Washington State is at it again. After persecuting Motel 6 for cooperating with U.S. Immigration and Customs Enforcement (ICE), it has now begun spending taxpayer money in an attempt to keep Greyhound Bus Lines from cooperating with U.S. Customs and Border Protection (CBP). The Evergreen State’s Attorney General has filed a lawsuit claiming that Greyhound violated the Washington Consumer Protection Act and the Washington Law Against Discrimination when it permitted Border Patrol agents and CBP officers to conduct passport checks and immigration inspections on vehicles that travel between the U.S. and Canada.
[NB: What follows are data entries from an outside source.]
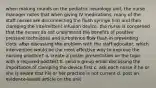 when making rounds on the pediatric neurology unit, the nurse manager notes that when giving IV medications, many of the staff nurses are disconnecting the flush syringe first and then clamping the intermittent infusion device. the nurse is concerned that the nurses do not understand the benefits of positive pressure techniques and turbulence flow flush in preventing clots. after discussing the problem with the staff educator, which intervention would be the most effective way to improve the nursing practice? a. create a poster presentation on the topic with a required posttest b. send a group email discussing the importance of clamping the device first c. ask each nurse if he or she is aware that his or her practice is not current d. post an evidence-based article on the unit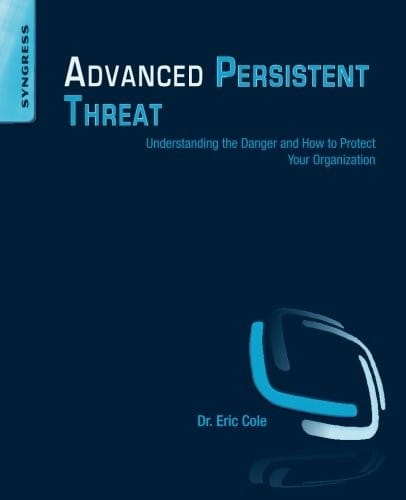 Advanced Persistent Threat: Understanding the Danger and How to Protect Your Organization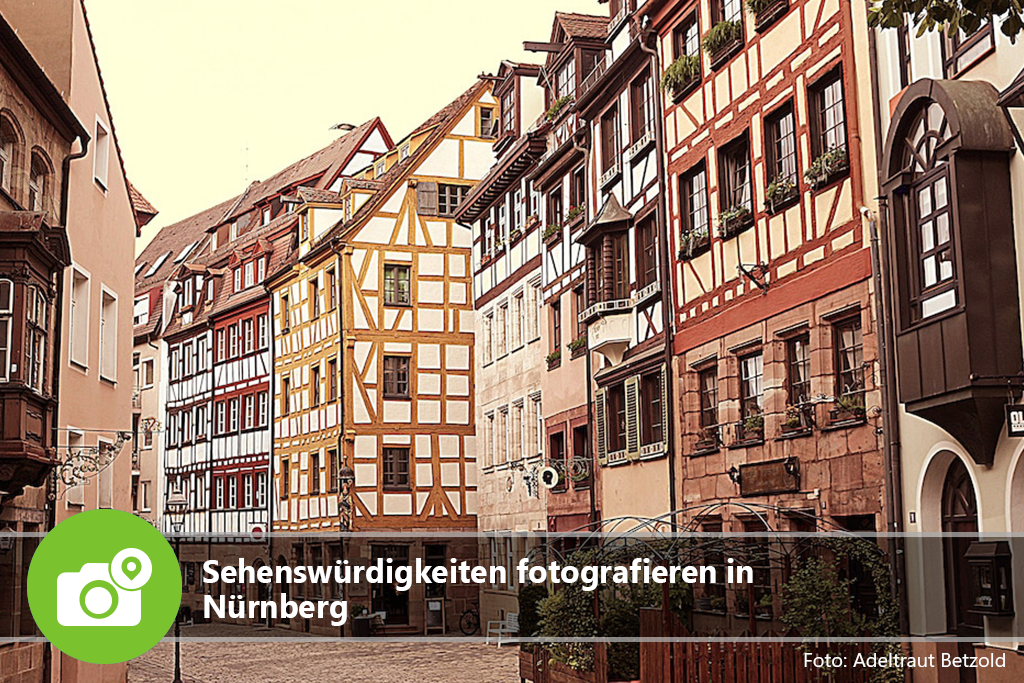 Sehenswürdigkeiten fotografieren in Nürnberg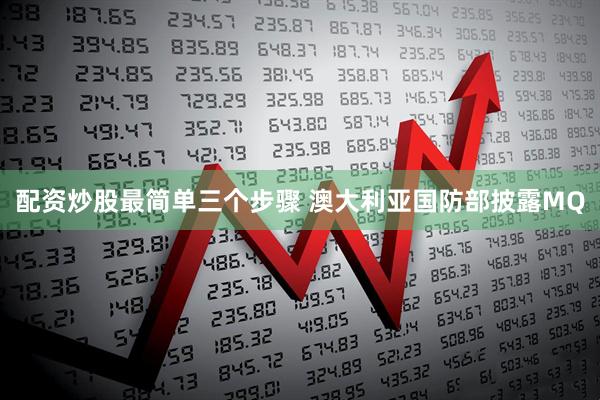 配资炒股最简单三个步骤 澳大利亚国防部披露MQ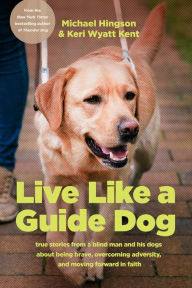 Title: Live like a Guide Dog: True Stories from a Blind Man and His Dogs about Being Brave, Overcoming Adversity, and Moving Forward in Faith, Author: Michael Hingson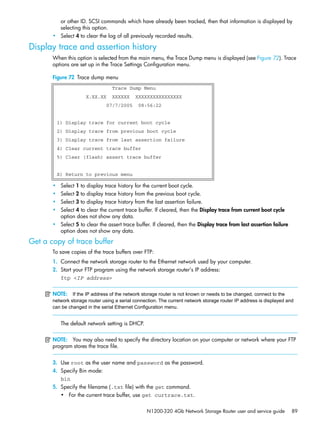 N1200-320 4Gb Network Storage Router user and service guide 89
or other ID. SCSI commands which have already been tracked, then that information is displayed by
selecting this option.
• Select 4 to clear the log of all previously recorded results.
Display trace and assertion history
When this option is selected from the main menu, the Trace Dump menu is displayed (see Figure 72). Trace
options are set up in the Trace Settings Configuration menu.
Figure 72 Trace dump menu
• Select 1 to display trace history for the current boot cycle.
• Select 2 to display trace history from the previous boot cycle.
• Select 3 to display trace history from the last assertion failure.
• Select 4 to clear the current trace buffer. If cleared, then the Display trace from current boot cycle
option does not show any data.
• Select 5 to clear the assert trace buffer. If cleared, then the Display trace from last assertion failure
option does not show any data.
Get a copy of trace buffer
To save copies of the trace buffers over FTP:
1. Connect the network storage router to the Ethernet network used by your computer.
2. Start your FTP program using the network storage router’s IP address:
ftp <IP address>
NOTE: If the IP address of the network storage router is not known or needs to be changed, connect to the
network storage router using a serial connection. The current network storage router IP address is displayed and
can be changed in the serial Ethernet Configuration menu.
The default network setting is DHCP.
NOTE: You may also need to specify the directory location on your computer or network where your FTP
program stores the trace file.
3. Use root as the user name and password as the password.
4. Specify Bin mode:
bin
5. Specify the filename (.txt file) with the get command.
• For the current trace buffer, use get curtrace.txt.
Trace Dump Menu
X.XX.XX XXXXXX XXXXXXXXXXXXXXXX
07/7/2005 08:56:22
1) Display trace for current boot cycle
2) Display trace from previous boot cycle
3) Display trace from last assertion failure
4) Clear current trace buffer
5) Clear (flash) assert trace buffer
X) Return to previous menu
 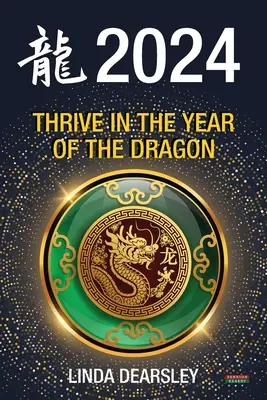 Gyarapodj a sárkány évében: A kínai zodiákus horoszkóp 2024 - Thrive in the Year of the Dragon: Chinese Zodiac Horoscope 2024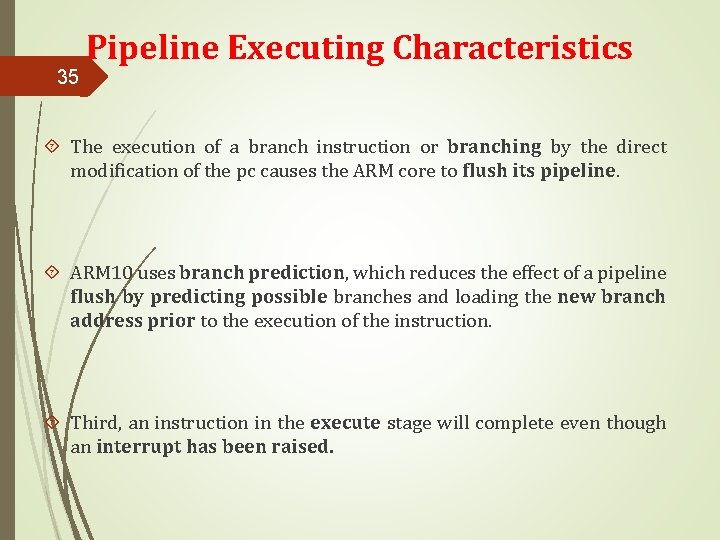 35 Pipeline Executing Characteristics The execution of a branch instruction or branching by the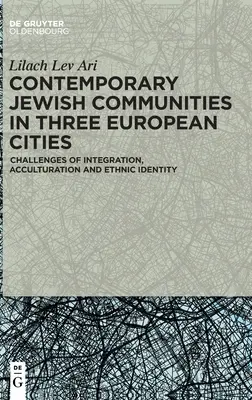 Comunità ebraiche contemporanee in tre città europee: Sfide di integrazione, acculturazione e identità etnica - Contemporary Jewish Communities in Three European Cities: Challenges of Integration, Acculturation and Ethnic Identity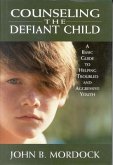 Counseling the Defiant Child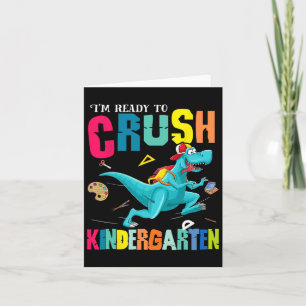I'm Ready To Crush Kindergarten Dinosaur Ck To Sch Card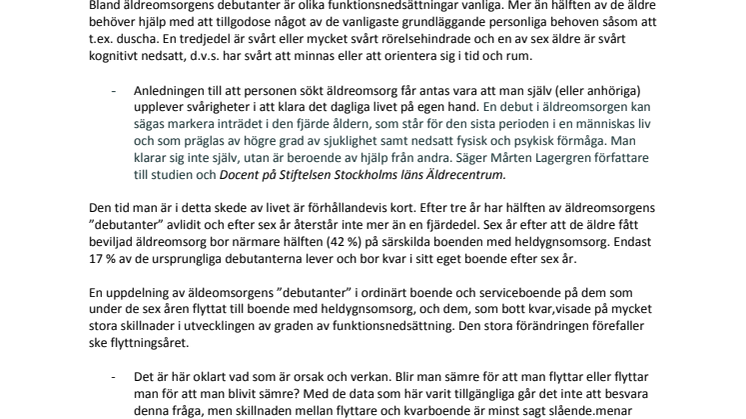 Äldre ”debuterar” sent inom äldreomsorgen
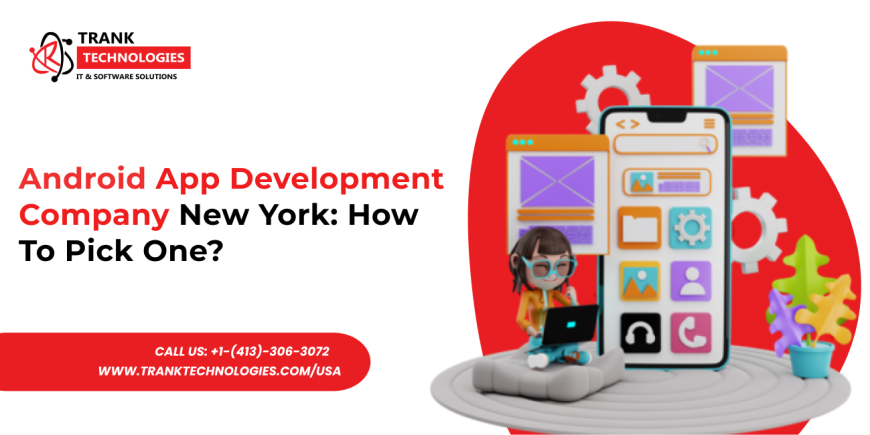 Android App Development Company New York: How To Pick One?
That is an absurd claim. The Supremacy Clause of the United States Constitution establishes that, in cases of conflict, federal law takes precedence over state law and even state constitutions. This means that states can’t enact laws prohibiting the federal government from exercising its powers. Nor can they enact legislation that makes it illegal to obey federal law.
The U.S. government has a legitimate interest in detecting illegal aliens and apprehending them before they disappear into the interior of the country. That is why immigration authorities have long conducted searches of public transportation at or near the border. These checks help combat alien smuggling, human trafficking and illicit drug dealing, while causing only a de minimis intrusion on the Fourth Amendment interests of passengers – who, in any case, possess only a minimal expectation of privacy while traveling on a public conveyance.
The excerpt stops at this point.